Three ways to test C++ from Python

A minimal, runnable demo of three ways to test a hybrid C++/Python system — direct bindings, a network mock, and a hybrid harness — and the homegrown-RPC anti-pattern they avoid.

You have a C++ system — a protocol stack, a device API, an engine — and you test it from Python, because Python is where writing tests is fast and pleasant. The interesting question isn’t “how do I call C++ from Python”; it’s “how do the two halves meet so that the tests actually exercise the real thing?”

There’s a tempting wrong turn here, and a lot of teams take it at least once: you bolt a small test-only control channel onto the C++ process, reimplement just enough of the protocol in Python to drive it, and grow an orchestrator full of bespoke logic to make the two talk. It works — and then it quietly rots. Now the protocol exists twice; the two copies drift; a bug present in both passes every test green; and the control channel itself — the thing every test now depends on — is code that nothing tests.

This is a write-up of the opposite approach, built as a small but real demo you can run: expose the real C++ logic and test it directly, three ways. The substrate is a toy chat server, but the substrate is not the point — the three testing modes are, and they transfer to any serious hybrid C++/Python system.

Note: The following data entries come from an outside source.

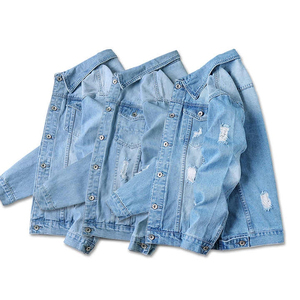 Veste en jean bleu foncé pour homme de haute qualité avec col rabattu et doublure intérieure 100% coton Saison hivernale Logo avant - Product Image 2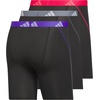 image:imageadidas Performance Mesh Boxer Briefs Underwear 2PackBlackPure PurplePower Pink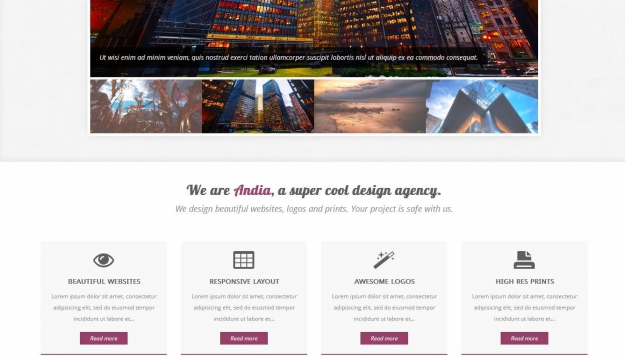Andia Bootstrap Template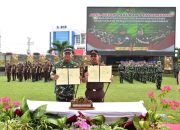 Kajati Kaltim Dan Kodam VI/ Mulawarman Lakukan Apel Gelar Pasukan Pengamanan Dan Penanda Tanganan Perjanjian Kerjasama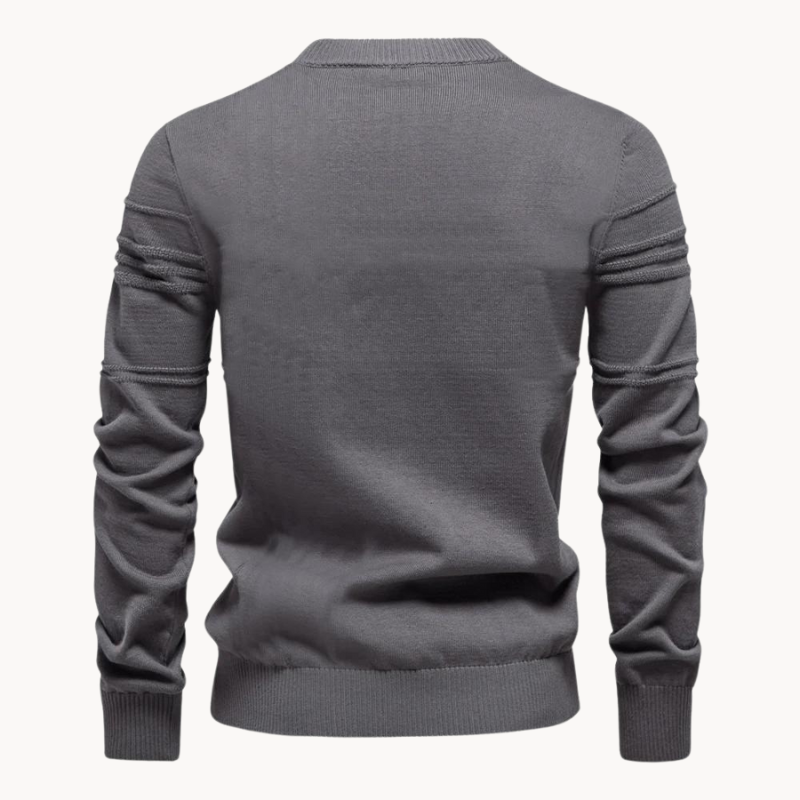 Vanmeeren™ | Katoenen Herentrui Met Streepdesign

Notes for engineers building or testing a system where C++ and Python meet. Everything here is a public, runnable repo — pip install -e ., pytest, done. It’s a demonstration of a pattern, not a framework to adopt. Read it for the shape, not the chat.

1. The substrate — a toy chat, real behavior

The demo is a chat: a C++ server and a C++ client, JSON over TCP, one room. It’s deliberately small, but it has real behavior — enough to make tests worth writing:

clients get a provisional nickname on connect (guest-N), changeable with /name
/who lists the room
the keyword ping makes the server announce pong to everyone
a normal message is broadcast to everyone except the sender

Messages are newline-delimited JSON (NDJSON) — one compact object per line:

{"type":"chat","text":"hello"}
{"from":"alice","text":"hello","type":"chat"}
{"from":"server","text":"pong","type":"notice"}
{"type":"roster","users":["alice","guest-2"]}

That’s it. Now swap “chat server” for your C++ subsystem and “messages over TCP” for your protocol. The three modes below don’t change.

2. The one decision that makes it testable — two strict layers

Before any testing trick, there’s an architecture decision that everything else hangs off: split the C++ into two strict layers.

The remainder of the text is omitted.